The centre’s complaint said Suozzi should have been aware of the 45-day report requirement because he had completed mandatory ethics training as a new congressman and because of news from other members of the congress. Congress under investigation for not filing the reports.

Suozzi could face a fine of $ 200 for each missed report if the Congressional Ethics Office and House Ethics Committee determine that he did not knowingly and willfully violate the law and the rules of the House. bedroom. If the committee finds that he knowingly broke the law, he could face a much larger fine and jail time.

Last year, the ethics committee fined Rep.
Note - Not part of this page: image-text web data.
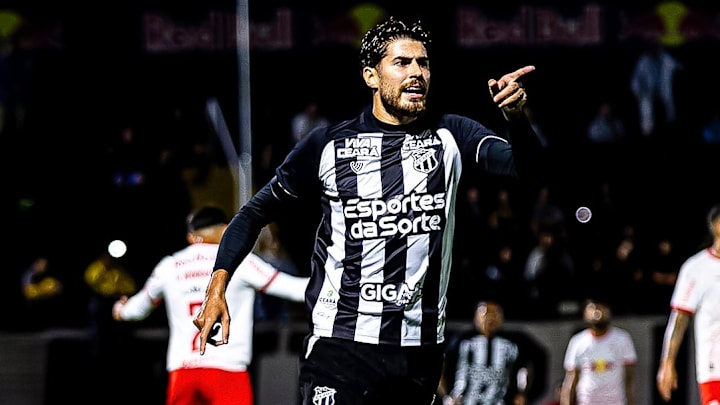 Pedro Raul, atacante do Ceará em 2025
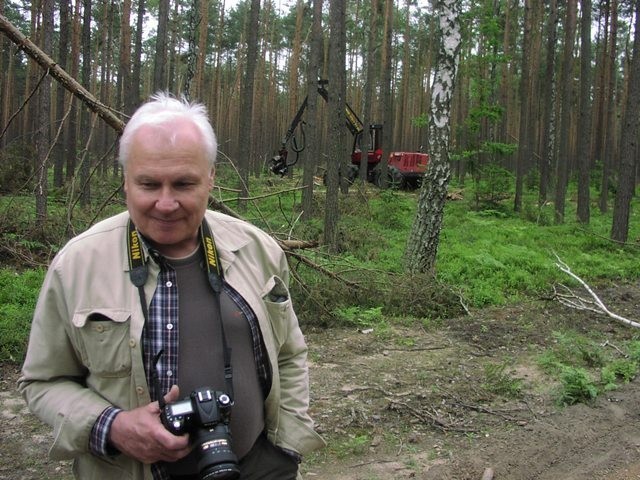 Minister Andrzej Kraszewski w kompleksie leśnym w gminie Panki w powiecie kłobuckim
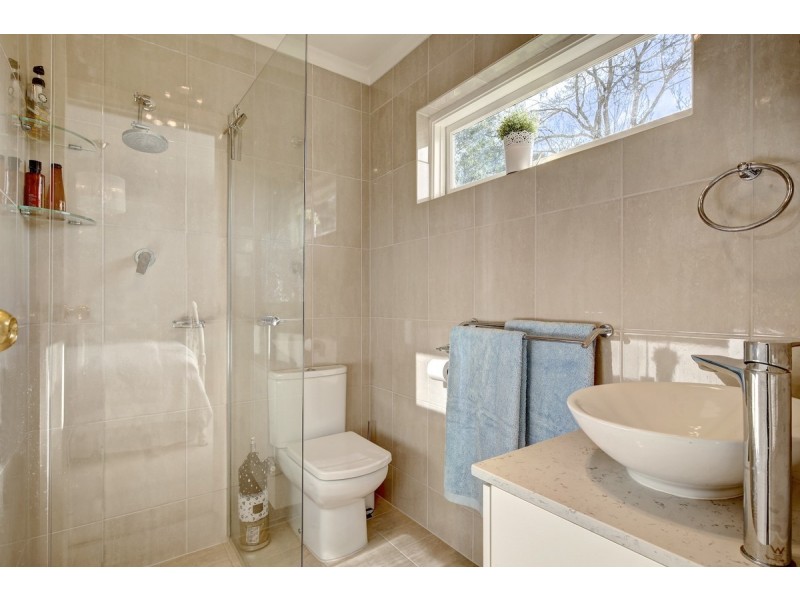 64 Emmett Road, Crafers West SA 5152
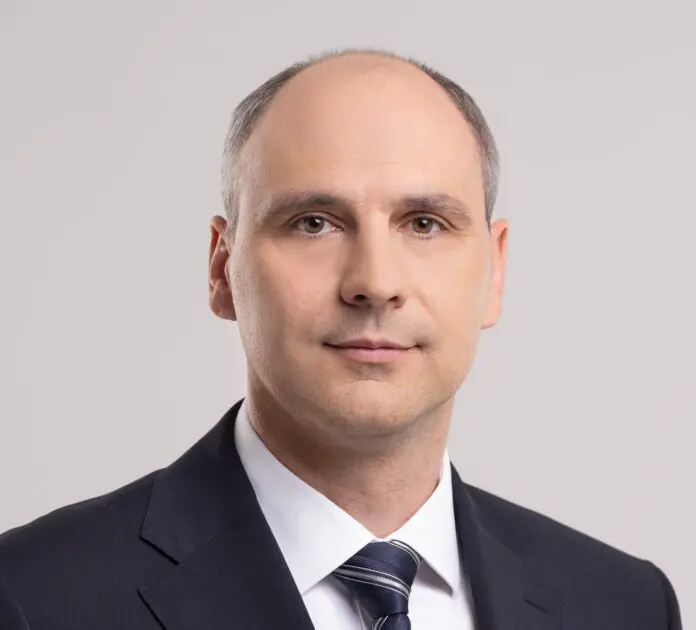 Денис Паслер поздравил работников Свердловской области с Днем машиностроителя-0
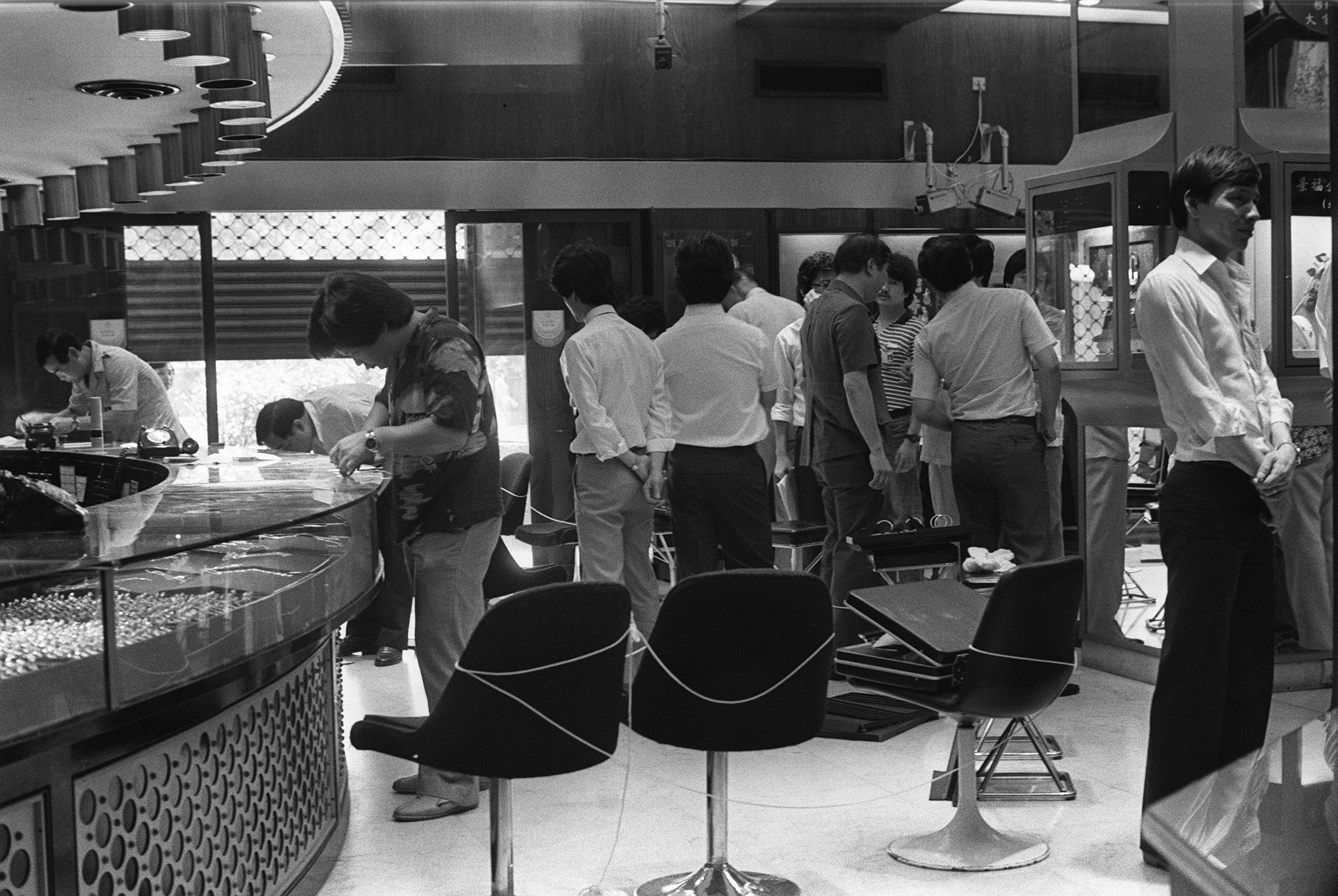 Police investigate at the King Fook Gold and Jewellery Company in Nathan Road in Tsim Sha Shui, Hong Kong, in 1983, after a robbery in which two security guards were killed. Photo: SCMP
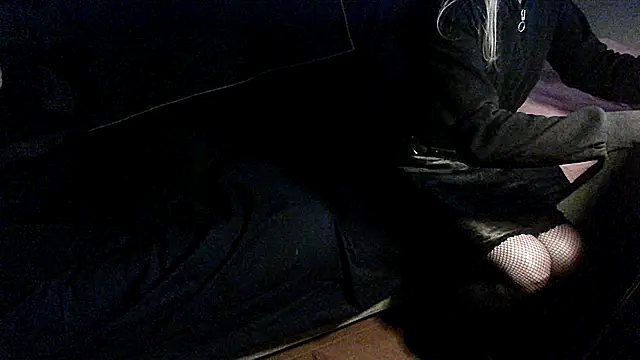 Sexwestworld online show from February 2026 08:20:02 PM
Donna Shalala (D-Fla.) $ 200 for each of six periodic transaction reports that she failed to file within 45 days of l buying or selling stocks, according to the Miami Herald.

Suozzi is the richest of the five Long Island members in the House, with a net worth of between $ 1.7 and $ 4.2 million in 2018, according to estimates based on his annual financial statements from the Center for Responsive Politics , non-partisan.

According to the complaint, Suozzi completed approximately 64 transactions valued between $ 456,064 and $ 1,865,000 in 2017; 31 transactions valued between $ 528,031 and $ 1,445,000 in 2018; 104 stock trades with a total value ranging from $ 1.1 million to $ 3.8 million in 2019, and 104 transactions with a total value ranging from $ 1.1 million to $ 4 million in 2020 .

The STOCK Act, sponsored by Senator Kirsten Gillibrand (DN.Y.) in the Senate and former Representative Louise Slaughter (D-Rochester) in the House, was enacted in 2012 for the purpose of using public disclosure to stop insider trading in legislators.

The center also filed complaints against Representative Cindy Axne (D-Iowa), Representative Warren Davidson (R-Ohio), Representative Lance Gooden (R-Texas), Delegate Michael San Nicolas (D-Guam), Representative Bobby Scott (D-Va.) and Representative Roger Williams (R-Texas).